PHILADELPHIA (CN) – A white reporter accuses Fox TV of racial bias in suspending and firing him for suggesting, in a newsroom meeting, that the station not shy away from using “the N word” in a report on an NAACP youth group’s ceremony “to symbolically bury the word ‘nigger’ and its negative connotations.”
Plaintiff Thomas Burlington says that during a news meeting on June 23, 2007, the reporter on the story (nonparty) Robin Taylor, “used the euphemistic phrase ‘the n-word’ rather than the actual word ‘nigger.’
“Plaintiff expressed his opinion that using the phrase ‘the n-word’ rather than the actual word ‘nigger’ ultimately gives the word itself more power. Ms. Taylor responded that she personally did not feel that it was appropriate to use the word ‘nigger’ and that she would not do so during her broadcast presentation.
“While plaintiff was speaking, he noticed that Nicole Wolfe (black), newscast producer, seemed uncomfortable with his comments. Immediately after the meeting ended, plaintiff approached Ms. Wolfe and apologized if he had offended her with his comments.
“Approximately one hour after the meeting ended, Joyce Evans (black), weekend anchor/reporter, told plaintiff that he had offended some people with the word that he used. Ms. Evans was not present at the editorial meeting and was not privy to the discussion that plaintiff had with Ms. Wolfe.”
Burlington, who was hired in December 2004 as a reporter and promoted to reporter and weekend news anchor in February 2006, says he apologized personally to everyone who was at the meeting. Nonetheless, he says, he was suspended on June 29, and the suspension lasted until he was fired in February 2008.
Burlington says an inaccurate story in the Philadelphia Daily News complicated things. Burlington says a company-“sanctioned” counselor met with him on July 7, 2007, and found “that she did not believe that he had any racial bias or related issued and that she planned to report that he was ‘fit for duty.'”
But he says the Daily News reported on July 5, in “a false and defamatory article,” that he had “used the word ‘nigger’ more than 12 times in a ‘bizarre’ and ‘shocking’ sermon.

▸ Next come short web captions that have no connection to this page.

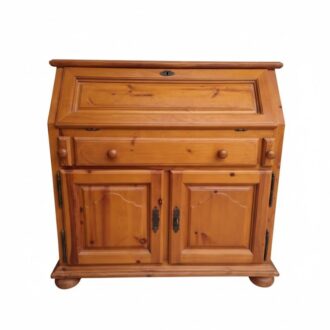 Secreter de madera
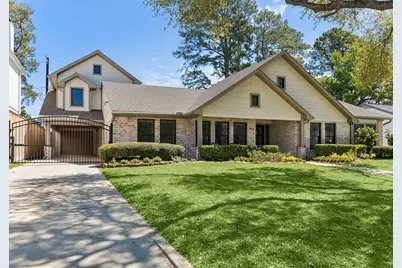 846 W Forest Drive, Houston, TX 77079 - Photo 1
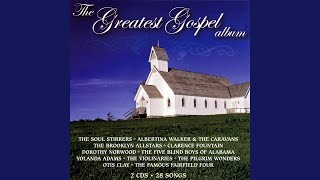 Lord Don&#39;t Leave Us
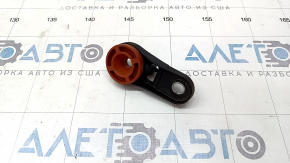 Resonator bracket BMW X3 G01 18- 2.0T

The article implied that plaintiff’s belief was that using the word ‘nigger’ in any context was ‘not a big deal.’ Upon information and belief, the article was based on false and defamatory statements made by employees of defendants.”
Burlington says Fox never let him return from suspension, but cited the Daily News article in a July 12 meeting at which he was told “that due to the negative publicity from the article in The Daily News and concerns that defendants had for this safety and the safety of the photographers with whom he worked, defendants did not want him to return to work.” He says he was given the chance to resign, refused, and was not allowed to return from suspension until he was fired 7 months later.
Burlington claims he was “subjected to a hostile work environment based on his race,” and that his firing was “pretextual,” discriminatory, and done with “reckless indifference.” He demands punitive damages.
The Daily News is not named as a party in this federal lawsuit. Defendants are News Corp., Fox Television Stations, and Fox Television Stations of Philadelphia. Burlington is represented by Stephen Console.